The input and display of information is locale-sensitive: dates, times, numbers, currencies, percentages, and language.

One use of locales is when sorting Strings in a language-specific alphabet.  the normal compareTo method won’t work (just like equals), and thus java.util.Collections.sort doesn’t either.

The java.text.Collator class provides natural language comparisons.  Natural language comparisons depend upon locale-specific rules that determine the equality and ordering of characters in a particular writing system.  A collator knows that the character sequence M i c h è l e is equal to M i c h e ` l e in some situations, usually those in which natural language processing is important.  A Collator object can even understand several levels of character differences.  A collator has methods that control how precisely you want the comparison to be: Different letters (“w” and “p”) are considered primarily different.  The difference between accented and unaccented versions of the same letter (“o” and “ŏ”) are considered a secondary difference.  Different cases of the same letter (“A” and “a”) are tertiary differences.  So depending upon how you configure a Collator instance, you can consider the words “Michèle” and “Michele” to be equal.

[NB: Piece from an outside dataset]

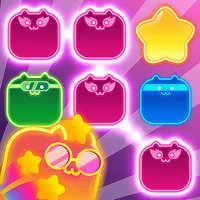 Cats Link - Puzzle Defense icon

To sort according to a locale you must also use a Collator object, custom built for the locale you want.  This object has a working compare method you can use:

Locale loc = ...;
Collator coll = Collator.getInstance( loc );
collator.setStrength( Collator.TERTIARY );
...
if ( coll.compare( a, b ) < 0 ...
...
Collections.sort( myList, coll );

Show ISO docs for country codes and language codes.

Locales are in java.util package.  There is a default locale set by the user (in Unix via the LANG environment variable; in Windows via the Regional Settings control panel).  (ex: Locale frenchCanadian = new Locale( "fr", "CA" );)  Class Locale has several useful methods including the country and language names (displayNames) and static methods for getting and setting the default Locale.  In addition, there is a large number of locales provided as static properties of class Locale for you to use.  (These include support for language specific names for days and months.)

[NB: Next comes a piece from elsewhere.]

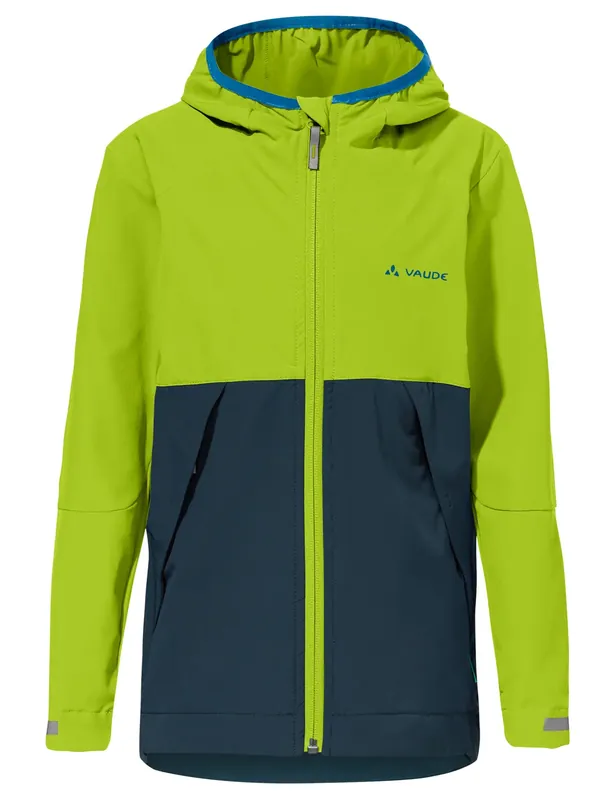 Vaude Kids Moab Stretch Jacket Chute Green Preiswert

If not using the default locale, you can request one from the user (via a “Language” menu perhaps), on the command line for stand-alone applications (via a DOS BAT file, or via a Unix shell script), or from PARAM tags in an Applet.

Formatting

The java.text package contains a number of classes used for formatting numeric and date information.  Last term we discussed DateFormat abstract class whose objects can be used to generate date, time, and date-and-time formatter objects, customized for a given locale.  (ex: 10000.23 ==> 10,000.23 or 1,0000.23 or 10.000,23 or ...)  These formatters know about two dozen locale conventions, all the major ones you might need for business.  However there is a way to specify new formats for numbers and dates (see also SimpleDateFormat).

These formatting objects generally have a format method to produce output, and a parse method to read a String according to the formatting conventions.

In addition to DateFormat there is Calendar, GregorianCalendar, DateFormatSymbols classes to help format dates and times:

DateFormatSymbols dfs = new DateFormatSymbols( Locale.FRANCE );
String [] monthNames = dfs.getMonths();
Calendar cal = Calendar.getInstance( Locale.FRANCE );
System.out.println( monthNames[ cal.get(cal.DAY_OF_MONTH) ] );

It is possible to set a local timezone from the locale as well, to ensure dates and times display the way the user expects.  Note setting the timezone doesn’t affect the date or time, merely the way it is displayed.  (So dates and times for network wide resources can be compared correctly and displayed correctly too.

Numbers are formatted using NumberFormat:

NumberFormat nf = NumberFormat.getInstance(Locale.FRENCH);
String val = nf.format( 10000.22 );
Long lObj = nf.parse( "1,000" );  long l = lObj.longValue();

You can define custom number formats with class DecimalFormat.  To format numbers as percentages (i.e., “0.53” as “53%”) use getPercentInstance, to format as a currency use getCurrencyInstance.

There are two other formatters (Choice and Message) discussed later.

Finally, this package java.text contains class Collator and BreakIterator.  A Collator can be used to compare and sort strings in a locale-sensitive way, and deal with capitalization and accents.  (e.g., Spanish: a, b, c, ch, d, e, ...)  A BreakIterator can be used to find character, word, line, and sentence boundaries (not so easy in some languages!).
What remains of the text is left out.